By now it plays out as theatre – the initial warnings, the appeal to personal responsibility, the grim predictions and, finally, the Taoiseach’s sombre address to the nation.
Other countries have had their own surges and crises in this pandemic – even now over a dozen European states have more Covid-19 patients in hospital than Ireland – but in few of them do events demand as much drama as in Ireland.
Almost two years on we still have the extended and complex decision-making process, the politicians’ fondness for the nearest microphone and the off-the-record briefings that all combine to delay action and dampen spirits.
Hospital Report
Total doses distributed to Ireland | Total doses administered in Ireland |
---|---|
9,452,860 | 7,856,558 |
Public health officials and Ministers must be blue in the face having to repeat the basic public health messages; they certainly sound like a broken record for much of the population.
This, along with the Cassandra-like brandishing of “worst-case scenarios”, seems to be the only approach deemed capable of working.
We know how dangerous the Delta variant of Covid-19 is but worst-case scenarios are outliers that don’t generally come to pass. People inflect their behaviour according to the threat they perceive; instinctively most of us pull in our horns when external risks rise.
In future it might be simpler to stratify risk levels (based, for example, on case counts and/or numbers in hospital), link each level to specific actions and public health restrictions, and thereby spare the public all the hand-wringing and caterwauling these announcements provoke.
Unsustainable
For now the Government is telling us that in this worst-case scenario up to 500 people could require admission to intensive care by next month. This clearly would be unsustainable* given we only have about 300 ICU beds. Even half this number would be unsustainable.
Once again the rate at which the situation is changing is dizzying. Once again the problem is magnified by the imminence of Christmas. Once again it isn’t clear which is the bigger problem: the number of extra infections and serious illnesses, or the fact the Irish health service just can’t cope.
We know too little about what is driving the current pressure on the health service. Things are clear enough in relation to unvaccinated people in hospital, but what about the vaccinated? Do they have underlying conditions? Which vaccine were they given? How long ago?

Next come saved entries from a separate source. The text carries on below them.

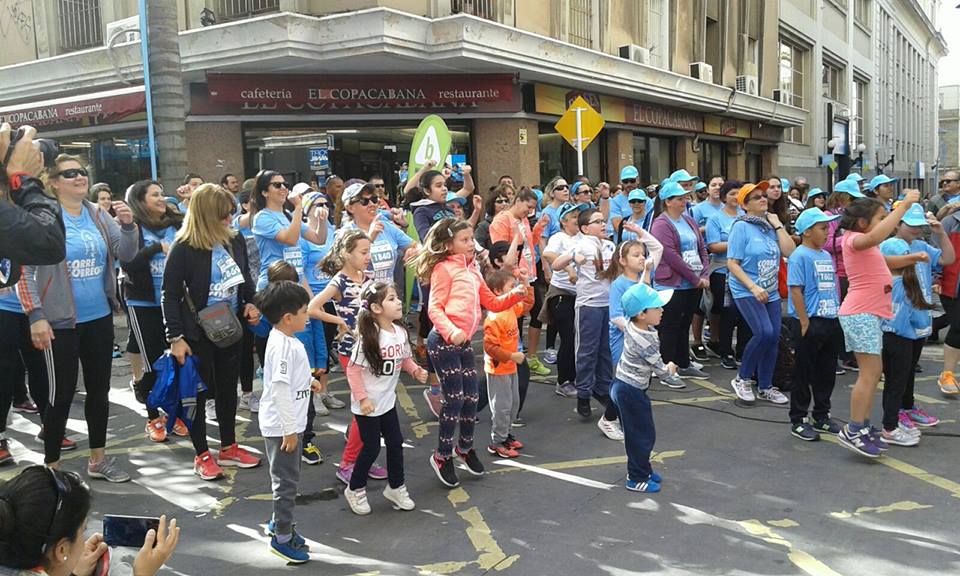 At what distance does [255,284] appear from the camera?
18.1ft

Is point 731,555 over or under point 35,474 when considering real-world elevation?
under

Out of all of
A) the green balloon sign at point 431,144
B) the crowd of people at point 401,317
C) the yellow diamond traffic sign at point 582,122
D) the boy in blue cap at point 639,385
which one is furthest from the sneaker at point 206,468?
the yellow diamond traffic sign at point 582,122

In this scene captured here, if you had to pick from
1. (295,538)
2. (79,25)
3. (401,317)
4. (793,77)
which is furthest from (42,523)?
(793,77)

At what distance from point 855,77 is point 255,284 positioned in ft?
131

We can only wonder why the rate at which cases translate into hospitalisations has hardly improved since vaccines were made available. Last year there were 30-50 hospital admissions per 1,000 cases; this year the ratio currently stands at 35 admissions per 1,000 cases, according to the National Public Health Emergency Team (Nphet).
The case for extra resources for the health service is often made. Compared to other countries we lack critical care beds, as a recent OECD report showed. We don’t just need extra capacity to get us over this winter, but into the longer term too. Only this week another report showed that some children’s ICUs have been working at 114 per cent capacity.
But how is the health service managing the resources it has? Why, for instance, had University Hospital Limerick 95 patients waiting for admission on Tuesday while other similarly-sized hospitals had no patients on trolleys?
If parts of the society are to be closed down again we have to know the Government has done all it can to fund and reform the health service, and the health service has done all it can to ensure parts of the system are not misfiring.
Self-isolation rule
The measures announced on Tuesday will take time to have an effect – weeks and even months in some cases. Exemptions will be needed from the new five-day self-isolation rule for close contacts or else the health and education sectors will collapse.
In international terms there is nothing particularly remarkable about the decision to bring closing time for pubs and nightclubs back to midnight, but it is a new departure for Ireland. However implicitly, the Government seems to have recognised for the first time the link between alcohol and the creation of risky environments for virus transmission.
The extension of the booster campaign was inevitable but its impact will be limited so long as urgency is lacking. Two weeks after boosters were approved for 60-somethings there is little sign of vaccination restarting in this age group.